> Task statement
Please, without any pictures, set down exactly the part of the listing below that opens with the line containing "general outline icon" and closes with the line containing "2.00CT Oval Cut".

> Exercise input

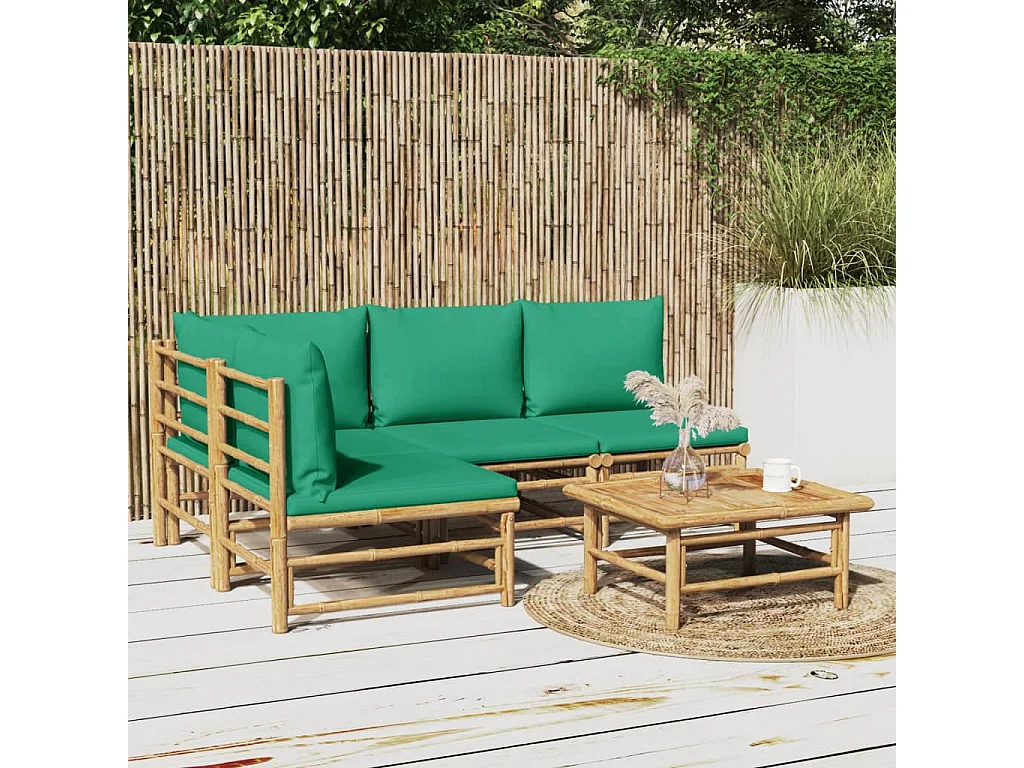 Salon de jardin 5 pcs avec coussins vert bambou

* * *

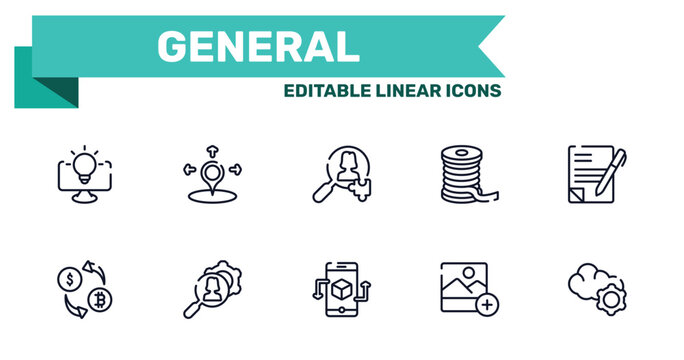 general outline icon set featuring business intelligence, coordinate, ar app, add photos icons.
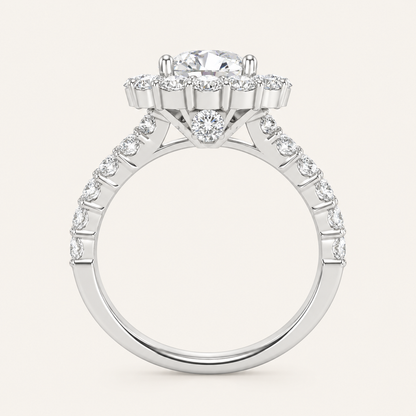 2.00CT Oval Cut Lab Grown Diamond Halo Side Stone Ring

> Finished exercise
 general outline icon set featuring business intelligence, coordinate, ar app, add photos icons.
 2.00CT Oval Cut Lab Grown Diamond Halo Side Stone Ring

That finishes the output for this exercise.